KVC — Research Codebase for Voice Conversion (WavLM Resynthesis → Diffusion VC)

This repository hosts research code and experiments toward high-fidelity, zero-shot voice conversion (VC). The current implemented focus is Stage 1: WavLM → waveform resynthesis (GAN vocoder-style training), with tools for inference, checkpoint evaluation, and ablation studies on WavLM layer usage.

Status

✅ Stage 1 (implemented): WavLM-to-Audio resynthesis with GAN training + inference + objective evaluation.

🧪 Ablations (implemented): layer weighting / last-N layers experiments (array training on Jean Zay).

🚧 Stage 2 (planned): diffusion/flow-based VC conditioned on WavLM representations.

What is inside (implemented)

1) WavLM → Audio (GAN resynthesis)

Core training and inference scripts live under:

MIMIC-VC/wavlm_resynth/third_training/

This experiment folder includes:

train_gan.py / train.slurm — GAN training entrypoints (local/DDP and HPC).
models_improved.py — generator + WavLM adapter model.
discriminators.py — HiFi-GAN style discriminators (MPD/MSD).
losses_gan.py — adversarial + reconstruction losses.
inference.py / inference.slurm — training-like chunking + overlap-add inference.
eval_chkp.py (+ optional batch scripts) — bulk checkpoint evaluation + metrics export.

2) Ablation study (WavLM layer usage)

Ablation experiments are in:

MIMIC-VC/wavlm_resynth/ablation_study/

This folder contains:

train_gan_ablation.py / train_array.slurm — Slurm array training for last-N / weighted modes.
models_ablation.py, discriminators.py, losses_gan.py — ablation variants and GAN components.
Analysis + paper utilities: analyze_*, extract_*, fill_paper_tables_*, results*.csv, table*.tex, figures_ablation/, etc.

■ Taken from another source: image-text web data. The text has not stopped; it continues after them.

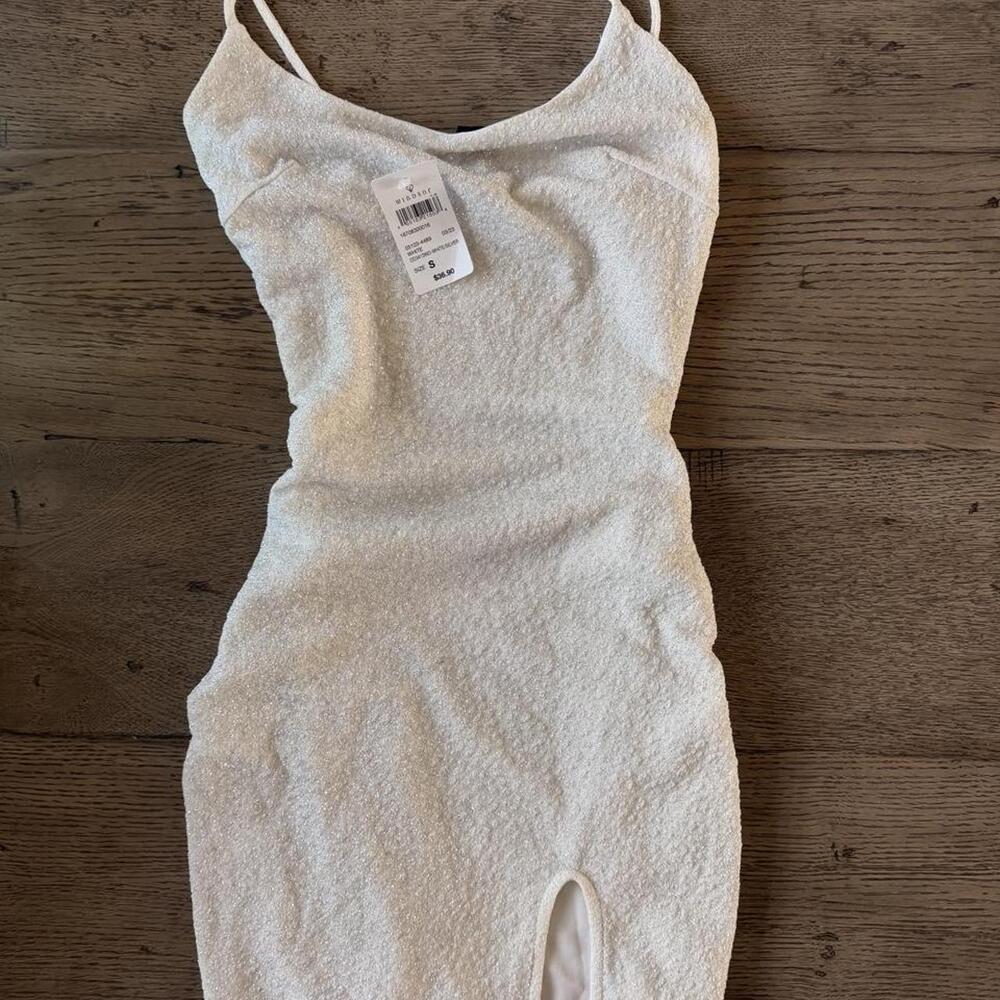 White Sparkly Textured Spaghetti Strap Midi Bodycon Dress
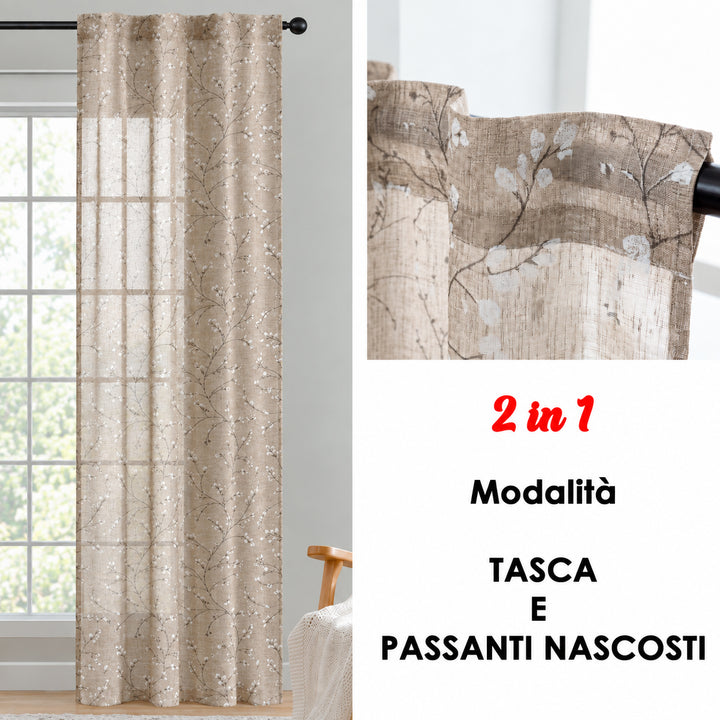 COPPIA TENDE ANTIGUA SEMI FILTRANTI FANTASIA MAGNOLIA 2X55X220CM MAGGESE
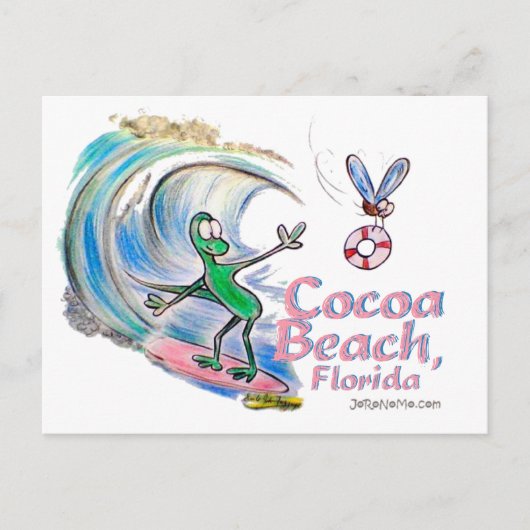 Durante Surfing Cocoa Beach, Florida Briefkaart (Voorkant)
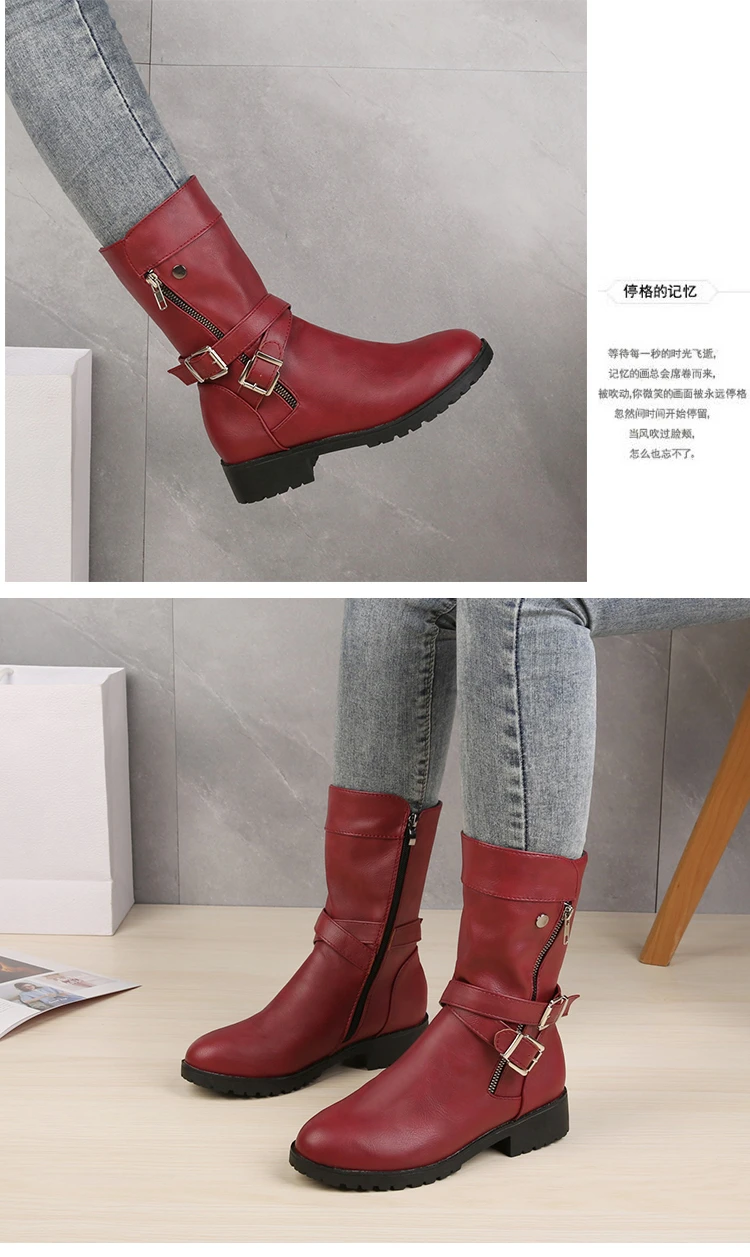 2023 Mid-Calf Boots Plus Size 43 Women Buckle Goth Boots Female Low Square Heel Zipper Leather Flat Shoes Red Black Grey Boots 2023 Mid-Calf Boots Plus Size 43 Women Buckle Goth Boots Female Low Square Heel Zipper Leather Flat Shoes Red Black Grey Boots
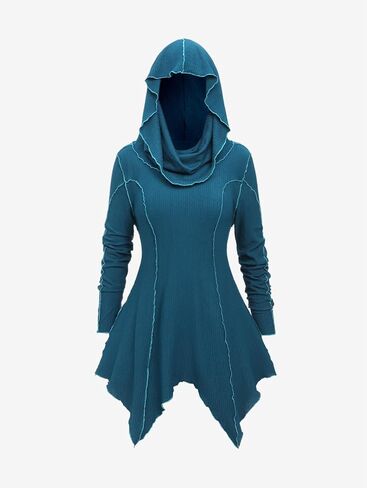 ROSE GAL Rosegal Womens Plus Size Gothic Costume Top Costume Seamed Topstitching Handkerchief Knit T-Shirt in Saudi Arabia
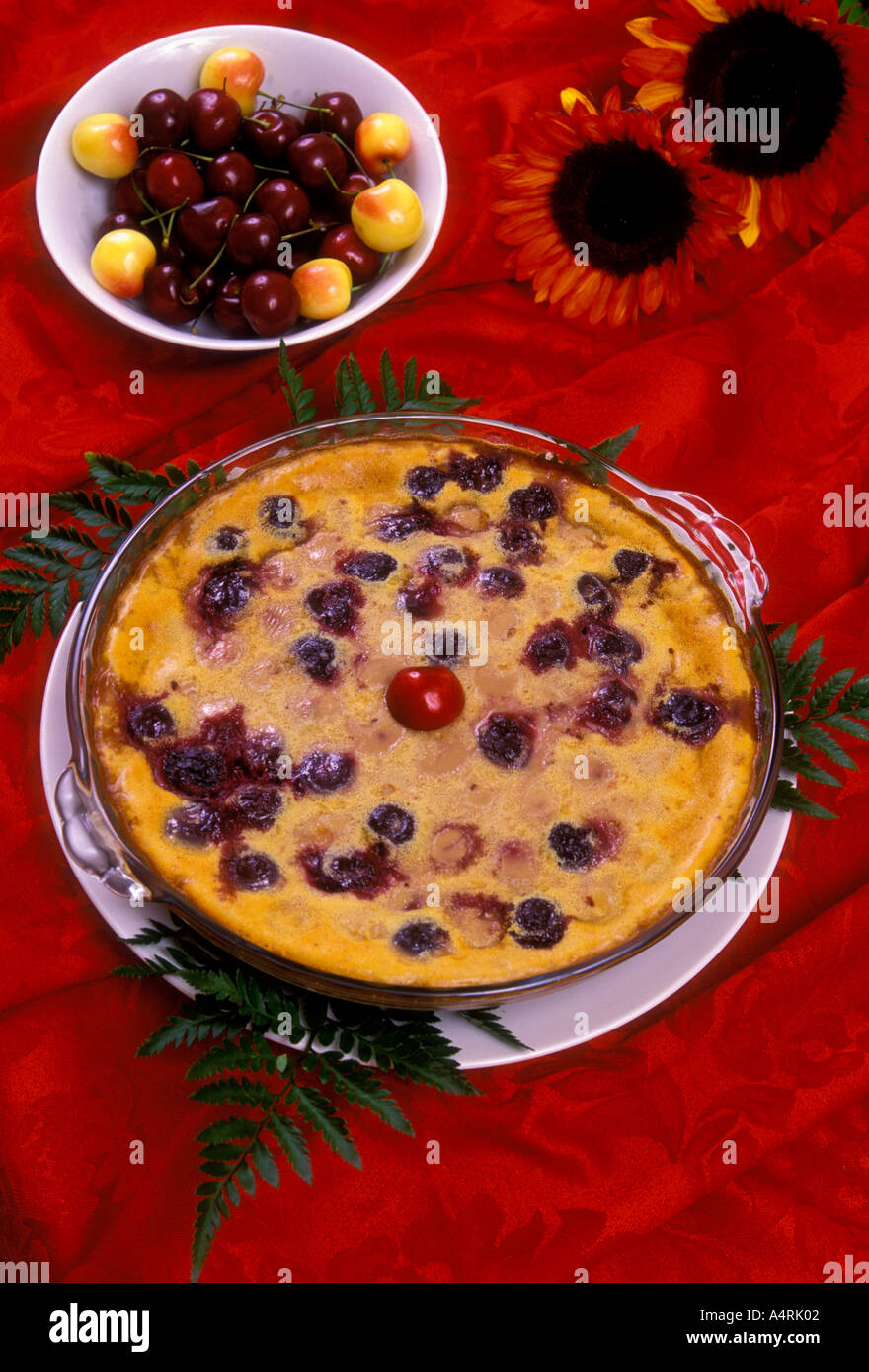 clafoutis aux cerises, cherry cake, French cuisine, French restaurant, French food and drink, French food, food and drink, France Stock Photo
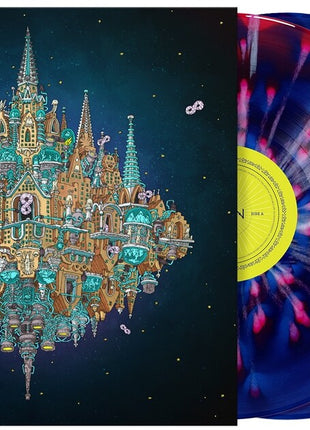the album cover for Dance Gavin Dance - Pantheon [Indie Exclusive Cobalt/Ruby Smush/White Splatter 2 LP]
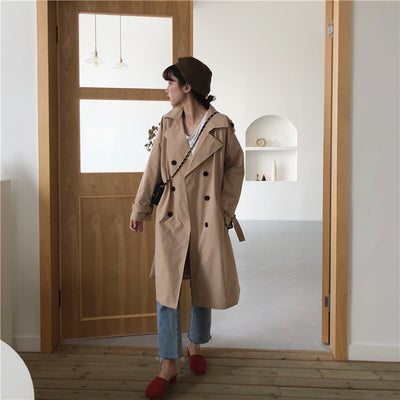Abrigo Trench Coreano Doble Botonadura Casual - Image 16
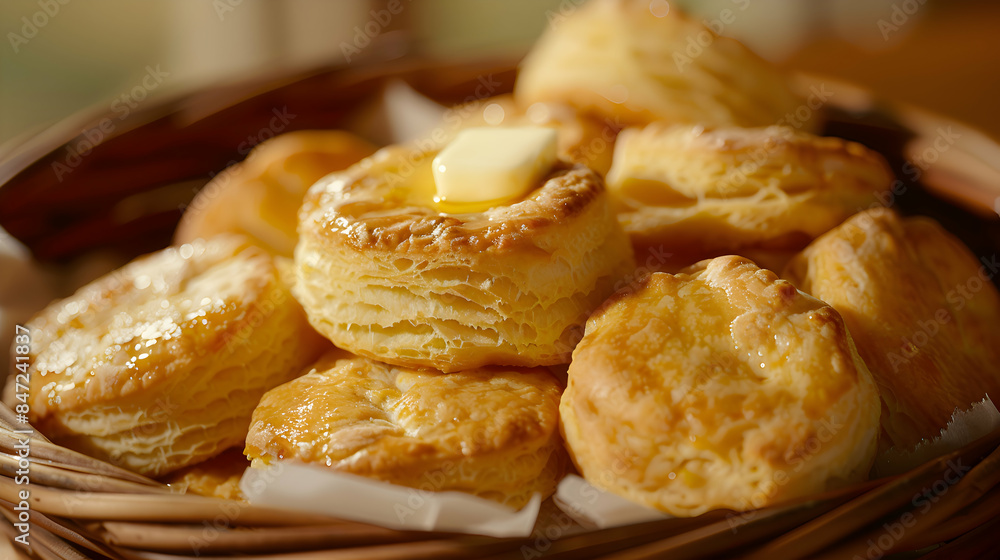 A basket of golden, flaky fast food biscuits with a pat of butter on top A basket of golden, flaky fast food biscuits with a pat of butter on top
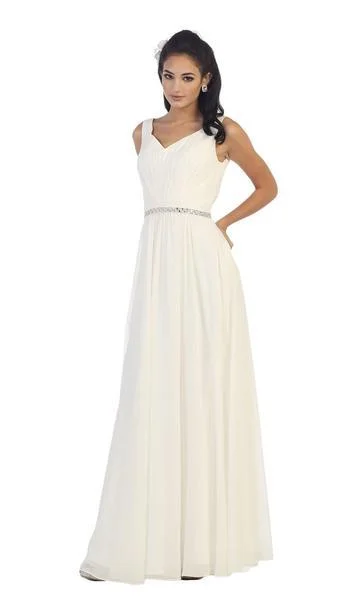 May Queen - MQ1400 Jeweled V-Neck Chiffon A-Line Evening Dress - 1 pc Emerald Gr In Size 8 Available Tunics New arrival May Queen - MQ1400 Jeweled V-Neck Chiffon A-Line Evening Dress - 1 pc Emerald Gr In Size 8 Available Tunics New arrival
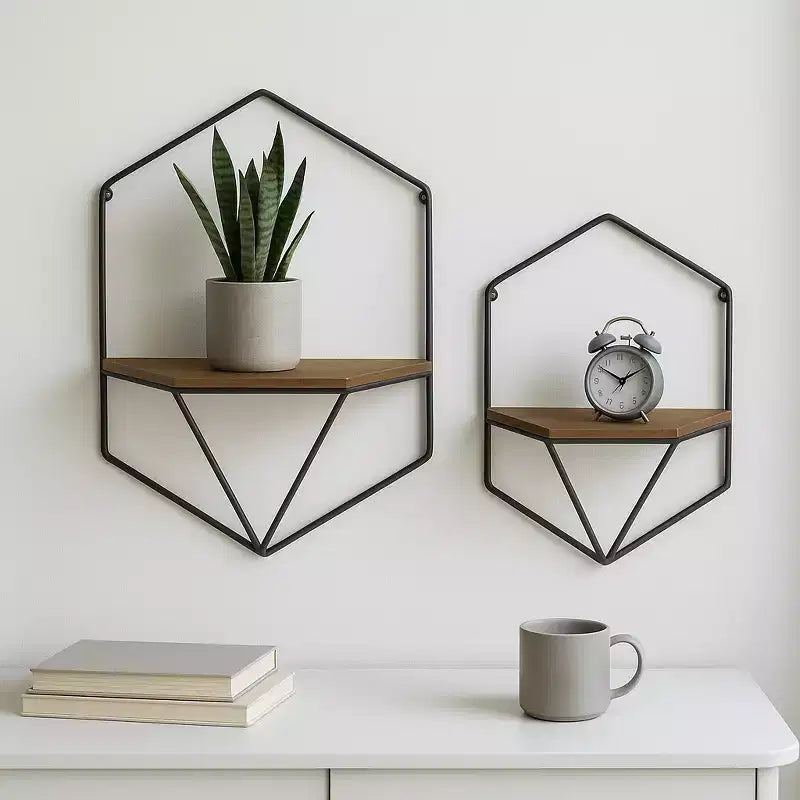 Metal & Wood Floating Storage with Rustic Casual Design - Geometric Wall Shelves - Hanging Display for Home & Office - Set of 2, 20, 16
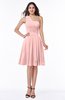 Simple Sleeveless Zip up Knee Length Ribbon Bridesmaid Dresses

Repository structure (high-level)

KVC/
└── MIMIC-VC/
└── wavlm_resynth/
├── third_training/ # Stage 1: main GAN training/inference/eval
├── ablation_study/ # Stage 1: ablation experiments + analysis/paper tools
└── ... # other experiments (legacy / intermediate)

⚙️ Installation

1. Clone the repository

git clone https://github.com/NassimaOULDOUALI/KVC.git
cd kvc

2. Create the Conda environment

If you use Conda:

conda env create -f environment.yml
conda activate kvc

You also need a working PyTorch + CUDA stack compatible with your cluster/GPU setup.

3. Pretrained models

Stage 1 expects a pretrained WavLM model (path is typically configured in YAML, e.g. config_gan.yaml). Make sure the checkpoint is accessible from your runtime environment.

Stage 1 — WavLM → Audio (GAN) usage

A) Training (local / torchrun) From: MIMIC-VC/wavlm_resynth/third_training/

cd MIMIC-VC/wavlm_resynth/third_training

torchrun --standalone --nnodes=1 --nproc_per_node=2 train_gan.py \
  --config config_gan.yaml \
  --output_dir outputs_gan/run1 \
  --seed 1234

Dataset paths, sample rate, segment length, and WavLM settings are defined in config_gan.yaml. Adapt them to your filesystem.

B) Inference (training-like chunking + overlap-add) cd MIMIC-VC/wavlm_resynth/third_training

python inference.py \
  --config config_infer.yaml \
  --checkpoint /path/to/checkpoint.pt \
  --input_wav /path/to/input.wav \
  --output_wav /path/to/output.wav

C) Bulk checkpoint evaluation

Use:

eval_chkp.py for checkpoint scanning + decoding + metrics export to CSV.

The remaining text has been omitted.